Жена не обращала внимания на его действия. Она уже занялась чем-то своим. Кидала из шкафа на кровать свои платья, напевая себе под нос очередной хит Лаймы Вайкуле. Каштанов захотел выйти на воздух. Но, еще не дойдя до галереи, он заметил там Сашин силуэт. Она стояла возле колонны. Каштанов быстро прошел в Сашину комнату и положил дневник на место — в письменный стол, под журнал. Затем он вернулся и подошел к галерее. Саша стояла к нему спиной и смотрела прямо перед собой. Там, где кончался участок Каштановых и начиналась опушка леса, какой-то ребенок играл с собакой. Каштанов пригляделся. Среди деревьев то и дело мелькали желтые помпоны вязаной шапочки. Собака, черно-серая овчарка, носилась по снегу, поднимая за собой прозрачные вихри. Когда ребенок прятался за деревом, овчарка замирала на миг, а затем прыгала в сторону дерева. Он узнал их. Это была Иринка, приятельница Артема, и ее собака Грета. Каштанов почувствовал непроизвольный спазм в горле.

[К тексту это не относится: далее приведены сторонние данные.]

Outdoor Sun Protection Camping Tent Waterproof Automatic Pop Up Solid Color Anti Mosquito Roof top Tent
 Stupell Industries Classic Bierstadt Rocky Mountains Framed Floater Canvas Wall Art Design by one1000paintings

Это было неожиданно, как удар под дых. Он вышел на галерею. Саша, увидев его, поежилась и накинула капюшон. Отгородилась.
— Гуляешь?
— Гуляю, — усмехнулась Саша. Помолчав, кивнула в сторону леса:
— Вот они — гуляют. А я просто принимаю порцию кислорода.
— Это Иринка, — не замечая колкости Саши, пояснил Игорь Львович. — Настоящая Пеппи Длинный чулок. Когда она появлялась у нас, в доме все переворачивалось вверх дном.
— И ей это позволяли? — недоверчиво покосилась в его сторону Саша.
— Не ей, Артему. Он любил с ней играть.
— А-а… Тогда понятно.
— Элла недолюбливает девочку. Считает, что именно она поощряла Артема лазать по деревьям.
— А вы?
— Что — я?
— Как вы сами ко всему этому относитесь? Что ваша жена любит или не любит — я могу понять. Она этого практически не скрывает. А вы? Неужели вы…
Саша запнулась. Каштанов видел, что она лихорадочно ищет, как поточнее выразить свою мысль. Что она напряжена и ее внешнее спокойствие дается ей с трудом. Он занервничал. Она явно вызывала его на откровенный разговор, а он настолько устал, что мог пойти на провокацию. Ему вдруг дико захотелось, чтобы эта девчонка поняла его, чтобы не осуждала, не считала монстром. Она еще многого не понимает. Что она знает о любви? О любви-зависимости, когда ты уже не хочешь любить этого человека и сил нет любить, а все равно — любишь. Какой-то больной любовью любишь и готов все отдать ради проблеска радости в любимых глазах.
Каштанов достал сигареты, закурил. Саша отвернулась от него. Она будто бы забыла о своем вопросе.
— Вы многого не можете понять в силу своего возраста, Саша. Но поверьте, я к вам хорошо отношусь. И Элла тоже. Она просто…
— Она просто больная! — закончила за него Саша с подростковой злой нотой в голосе. — Это невозможно не заметить! Ей нужно лечиться, а не заводить детей!
У Каштанова странно передернулось лицо. Он пошевелил губами, но Саша не дала ему сказать.
— Игорь Львович! Отпустите меня, пожалуйста! Я передумала! Ну кто не делает ошибок? Я никому не хочу отдавать ребенка. Отпустите меня…
Она вцепилась ему в руки. Игорь Львович замерз. Он стоял на галерее в одном свитере, но его пальцы казались горячими по сравнению с пальцами Саши. «Как она похожа на свою мать…» — подумал Каштанов, а вслух сказал:
— Вам пора в дом. У вас очень холодные руки, Саша. Он первым покинул галерею. А Саша еще некоторое время стояла, глядя в пространство, не замечая, как девочка в желтых помпонах делает ей какие-то знаки.
И только лай собаки заставил ее очнуться. Она увидела, что Ира-Пеппи машет ей рукавичкой. Саша помахала в ответ. У нее вдруг быстро-быстро забилось сердце. Она смотрела на девочку и собаку, словно от них могла зависеть ее жизнь.